Of Rachmaninoff and Economics - The American Spectator | USA News and Politics
Of Rachmaninoff and Economics
by

Last Friday night was the coldest night in Washington, D.C. in ten years, according to the man on the radio. Blessedly, my wife and I spent the evening transported by the National Symphony Orchestra’s performance of Rachmaninoff’s Piano Concerto No. 3 in D minor, Opus 30, in the lush surroundings of the Kennedy Center’s Concert Hall.

The pianist was a young Norwegian, Lief Ove Andsnes, who drew a standing ovation and took three encore bows. EMI Classics will release his new CD this spring.

Damn! I would sooner give up my house than part with our symphony tickets. Music is truly a balm for the soul, especially in such difficult times as these. The daily papers and news broadcasts are unrelievedly depressing. Our financial and political elites really do not know the length, breadth, or depth of the current economic crisis that their kind has visited upon the county. Nor do they understand how to remedy the situation. They are making it up as they go along.

How else do you explain Bank of America taking on a turkey like Merrill Lynch, then declaring tremendous losses for the last quarter of 2008?

The stockholders are understandably peeved that they did not know about the sorry state of affairs before the takeover. Management tries to justify itself as taking a bullet for the nation, but it is hard to square that with the fiduciary interest owed to stockholders. Of course, the Bank is receiving more federal bailout dollars to cover heavy losses in its new subsidiary.

I have no problem with elites, per se, as long as they get the job done. But our current crop appears to be a pretty feckless bunch. Please understand that I am not making a partisan criticism here. Whether it is Wall Street or Washington, the character and intellectual deformities afflict Republicans and Democrats alike.

One must take small pleasures where one can find them. The previous weekend I had to spend all of the Lord’s Day, January 11, flying across the country on a business trip. A small but delightful compensation for such an inconvenience is the ability to read every single page of the Sunday New York Times, cover to cover, given the plentiful time spent aloft and in airports.

I was rewarded with a perceptive article  by N. Gregory Mankiw, a Harvard economics professor and a former advisor to President Bush: “Is Government Spending Too Easy an Answer?” — in the New York Times of all places!

The good Professor musters the courage to question the Keynesian demand-side assumptions of the incoming Obama administration, promoted in college classrooms for decades through the classic textbook, Economics, written by Paul Samuelson and first published in 1948. In fact, says Professor Mankiw, Lawrence H. Summers, a very sharp fellow and the new head of the National Economic Council, is Mr. Samuelson’s nephew.
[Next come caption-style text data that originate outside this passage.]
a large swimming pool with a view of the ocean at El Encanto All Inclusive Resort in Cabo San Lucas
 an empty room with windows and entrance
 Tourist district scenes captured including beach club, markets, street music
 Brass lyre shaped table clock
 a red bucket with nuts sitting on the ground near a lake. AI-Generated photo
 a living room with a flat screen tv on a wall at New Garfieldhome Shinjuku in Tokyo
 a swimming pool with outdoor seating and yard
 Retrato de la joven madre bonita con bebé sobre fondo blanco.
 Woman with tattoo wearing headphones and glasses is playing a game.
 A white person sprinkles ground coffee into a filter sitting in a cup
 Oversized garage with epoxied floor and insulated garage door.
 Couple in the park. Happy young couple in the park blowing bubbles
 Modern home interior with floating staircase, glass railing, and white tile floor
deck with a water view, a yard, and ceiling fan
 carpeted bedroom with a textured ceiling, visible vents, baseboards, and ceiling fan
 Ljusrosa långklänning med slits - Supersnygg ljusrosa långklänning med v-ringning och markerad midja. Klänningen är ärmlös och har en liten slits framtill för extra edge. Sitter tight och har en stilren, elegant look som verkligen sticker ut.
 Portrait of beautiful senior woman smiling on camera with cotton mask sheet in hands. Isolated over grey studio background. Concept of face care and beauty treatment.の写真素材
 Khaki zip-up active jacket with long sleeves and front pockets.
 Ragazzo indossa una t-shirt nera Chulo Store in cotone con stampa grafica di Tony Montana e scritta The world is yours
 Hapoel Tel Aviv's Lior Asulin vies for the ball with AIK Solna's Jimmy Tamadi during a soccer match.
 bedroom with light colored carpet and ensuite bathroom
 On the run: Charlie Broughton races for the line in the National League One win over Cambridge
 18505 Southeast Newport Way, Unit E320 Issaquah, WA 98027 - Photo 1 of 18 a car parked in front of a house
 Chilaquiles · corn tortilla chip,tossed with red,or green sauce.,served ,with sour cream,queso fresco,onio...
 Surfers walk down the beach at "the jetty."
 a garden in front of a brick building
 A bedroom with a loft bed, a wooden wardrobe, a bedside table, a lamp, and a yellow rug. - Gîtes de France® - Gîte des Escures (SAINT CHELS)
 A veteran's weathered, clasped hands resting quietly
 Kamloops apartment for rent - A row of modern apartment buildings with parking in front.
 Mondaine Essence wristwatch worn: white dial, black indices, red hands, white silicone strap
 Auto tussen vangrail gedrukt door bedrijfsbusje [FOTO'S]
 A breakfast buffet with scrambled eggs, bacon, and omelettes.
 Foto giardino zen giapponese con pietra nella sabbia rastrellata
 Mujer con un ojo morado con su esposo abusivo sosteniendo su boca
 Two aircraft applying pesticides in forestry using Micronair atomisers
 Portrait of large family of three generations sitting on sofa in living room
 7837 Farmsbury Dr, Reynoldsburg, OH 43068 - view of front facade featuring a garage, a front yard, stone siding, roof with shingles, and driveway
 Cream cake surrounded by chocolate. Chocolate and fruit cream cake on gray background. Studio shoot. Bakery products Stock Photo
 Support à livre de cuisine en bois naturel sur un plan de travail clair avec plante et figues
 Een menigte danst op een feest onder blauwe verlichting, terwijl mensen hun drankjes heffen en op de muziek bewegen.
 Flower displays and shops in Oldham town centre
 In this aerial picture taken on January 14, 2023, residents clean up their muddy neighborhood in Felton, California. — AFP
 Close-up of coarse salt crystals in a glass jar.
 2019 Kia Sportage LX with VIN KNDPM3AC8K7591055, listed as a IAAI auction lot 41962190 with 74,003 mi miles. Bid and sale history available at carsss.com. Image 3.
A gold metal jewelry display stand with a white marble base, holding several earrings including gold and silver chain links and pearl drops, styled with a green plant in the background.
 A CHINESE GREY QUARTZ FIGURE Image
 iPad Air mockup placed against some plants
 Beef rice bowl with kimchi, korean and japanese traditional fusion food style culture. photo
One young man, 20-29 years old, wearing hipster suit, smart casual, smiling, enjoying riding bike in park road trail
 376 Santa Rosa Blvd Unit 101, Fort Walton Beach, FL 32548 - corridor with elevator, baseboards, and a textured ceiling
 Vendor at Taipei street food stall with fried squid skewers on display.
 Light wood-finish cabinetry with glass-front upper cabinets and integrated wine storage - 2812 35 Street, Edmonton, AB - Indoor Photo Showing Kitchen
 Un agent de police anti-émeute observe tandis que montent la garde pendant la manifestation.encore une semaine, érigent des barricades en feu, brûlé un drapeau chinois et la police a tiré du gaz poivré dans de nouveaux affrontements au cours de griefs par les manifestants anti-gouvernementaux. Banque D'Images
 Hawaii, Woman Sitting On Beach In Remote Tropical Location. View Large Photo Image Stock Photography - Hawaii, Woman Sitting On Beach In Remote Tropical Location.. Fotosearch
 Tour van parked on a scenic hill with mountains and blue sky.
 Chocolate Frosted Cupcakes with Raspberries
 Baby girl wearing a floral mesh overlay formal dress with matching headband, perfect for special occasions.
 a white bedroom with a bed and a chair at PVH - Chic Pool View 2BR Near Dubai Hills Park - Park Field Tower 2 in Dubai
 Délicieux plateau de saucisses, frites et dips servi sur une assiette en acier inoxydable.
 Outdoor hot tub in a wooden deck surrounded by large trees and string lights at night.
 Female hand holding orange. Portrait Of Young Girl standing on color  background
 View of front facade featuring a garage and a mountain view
Mankiw notes that the new administration, not to mention most of Congress, believes the centerpiece of any economic recovery must be “a huge increase in government spending.” That said, “there are ample reasons to doubt whether this is what the economy needs.”

One reason for doubt is a study by Valerie A. Ramey, an economist at the University of California, San Diego, which reviewed U.S. history and concluded that each dollar of government spending increases GDP by only 1.4 dollars. “When G.D.P. expands, less than a third of the increase takes the form of private consumption and investment,” argues Mankiw.

Later in his article, Professor Mankiw cites another study, by Christina D. Romer and David H. Romer, formerly economists at University of California, Berkeley. Readers may recall that Christina Romer is in line to become President Obama’s chairwoman of the Council of Economic Advisers, a very fortunate development as will become clear in a moment.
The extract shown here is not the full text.